## ACTIVITY:
Taking the line with "Thumbnail image for" as the first and the line with "LIKED BEFORE LONG-SLEEVE WHITE" as the last, set down exactly every line in that range from the entries below, and no more.

## DATA RECORDS:
- - - - - - -

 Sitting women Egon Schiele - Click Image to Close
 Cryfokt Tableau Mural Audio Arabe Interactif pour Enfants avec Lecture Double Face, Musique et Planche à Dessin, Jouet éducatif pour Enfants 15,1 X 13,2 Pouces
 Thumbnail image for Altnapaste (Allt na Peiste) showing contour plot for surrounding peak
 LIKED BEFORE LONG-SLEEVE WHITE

- - - - - - -

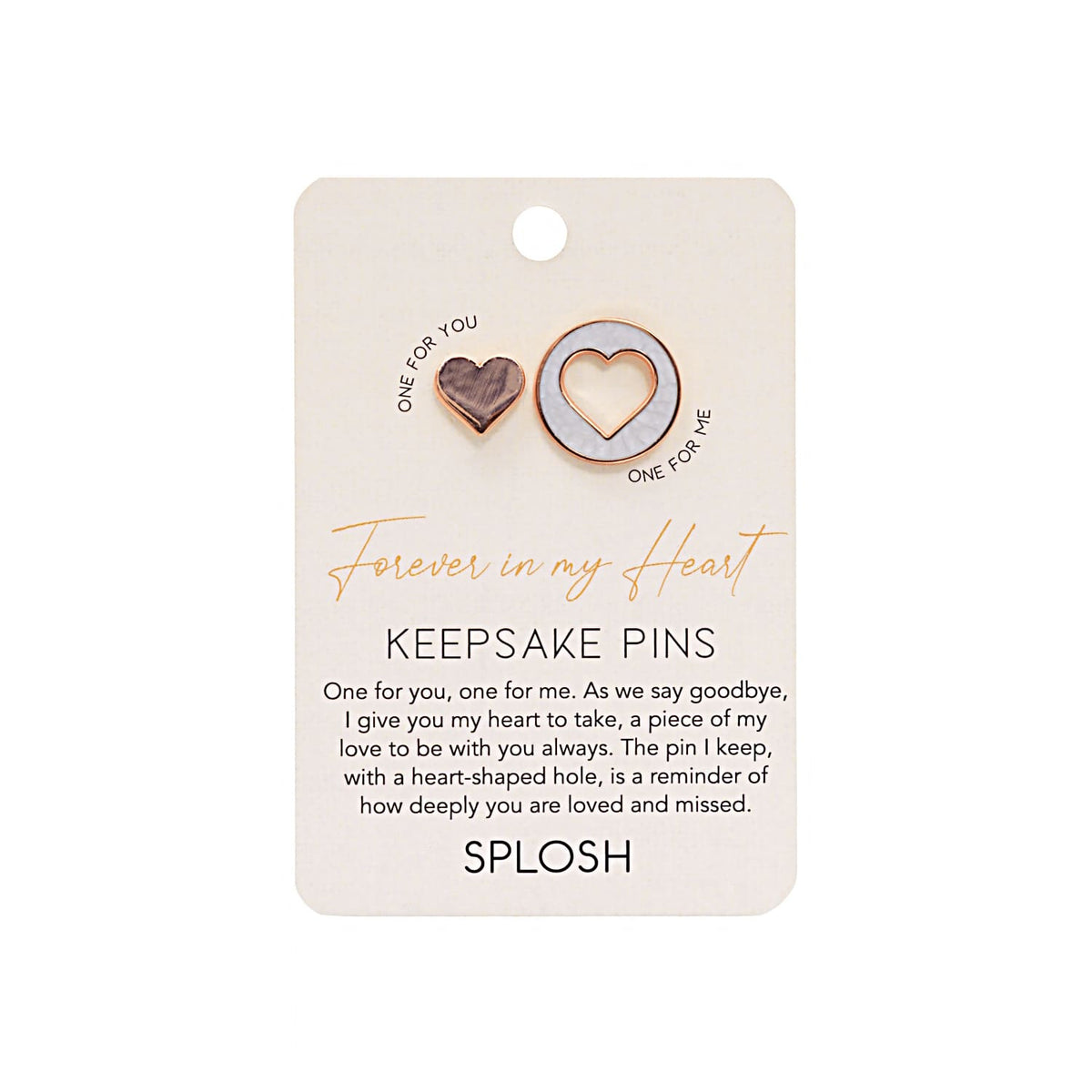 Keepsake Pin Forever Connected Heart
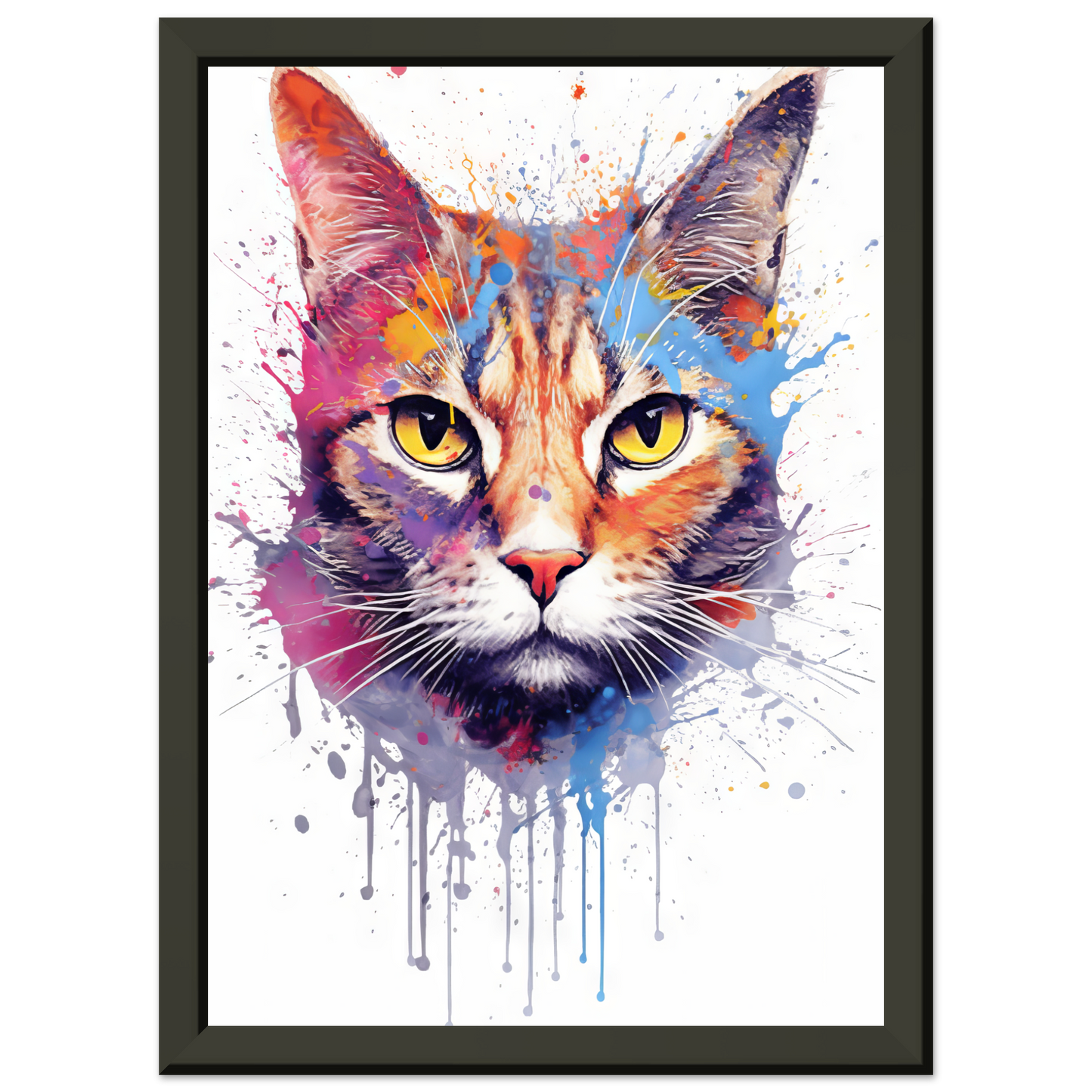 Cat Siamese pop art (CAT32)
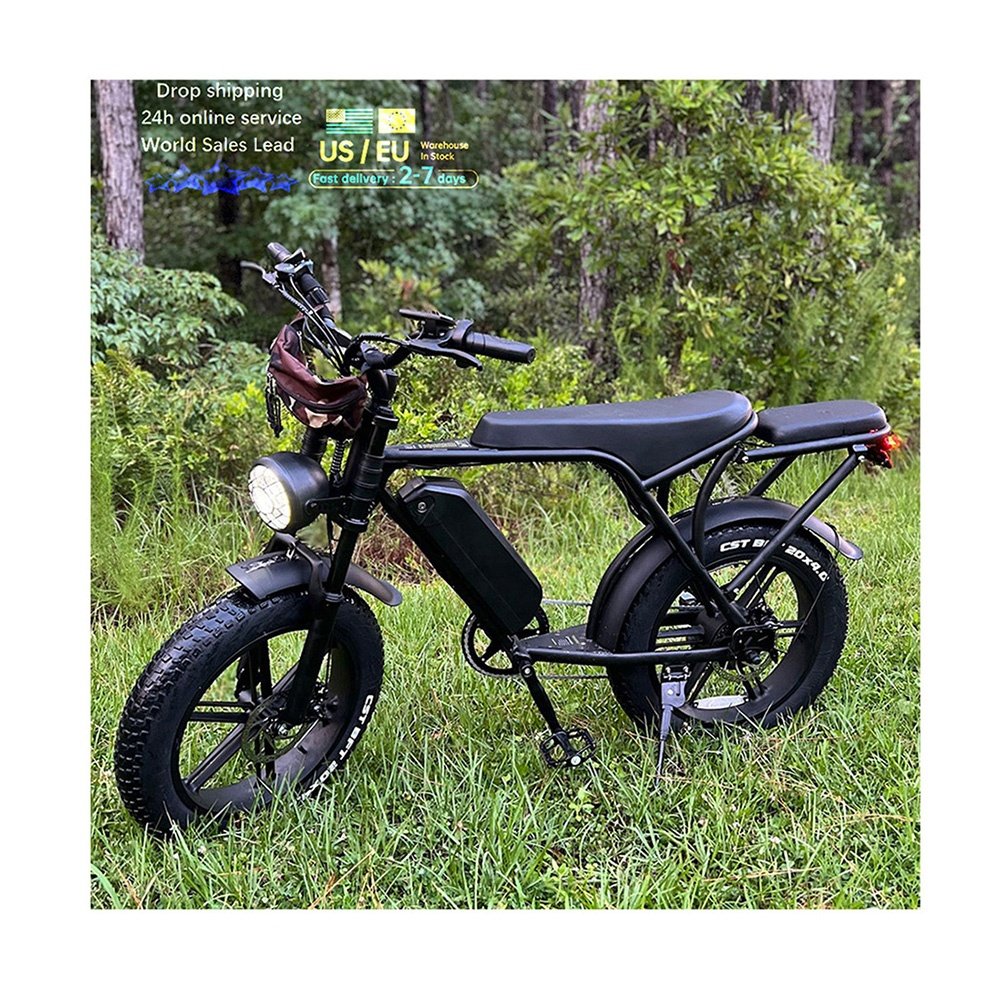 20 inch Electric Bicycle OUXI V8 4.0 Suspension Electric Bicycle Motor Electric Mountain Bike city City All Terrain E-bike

- - - - - - -

## TASK RESPONSE:
 Thumbnail image for Altnapaste (Allt na Peiste) showing contour plot for surrounding peak
 LIKED BEFORE LONG-SLEEVE WHITE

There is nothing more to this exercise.